§ **DATASET CONTENT**
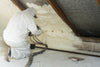 insulation foam spray insulating types fl rigs equipment different difference between milton materials near rockwool owens corning attic building way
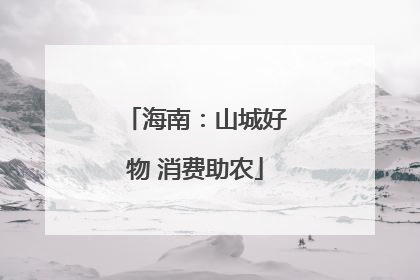 海南：山城好物 消费助农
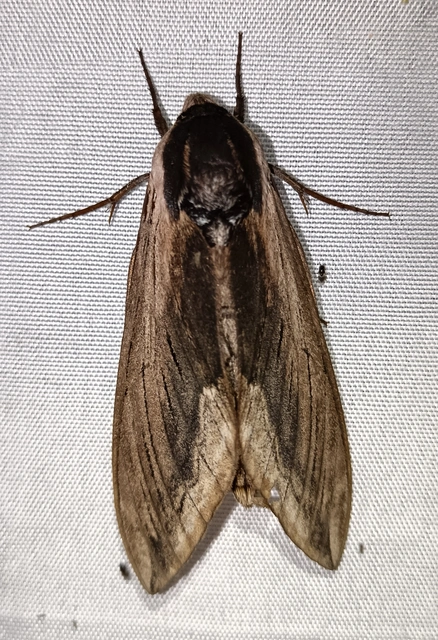 Sphinx ligustri - fagyalszender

§ **PROBLEM STATEMENT**
A faithful copy of all the data above is required, printed exactly and with no pictures.

§ **THE COMPLETED TASK**
 insulation foam spray insulating types fl rigs equipment different difference between milton materials near rockwool owens corning attic building way
 海南：山城好物 消费助农
 Sphinx ligustri - fagyalszender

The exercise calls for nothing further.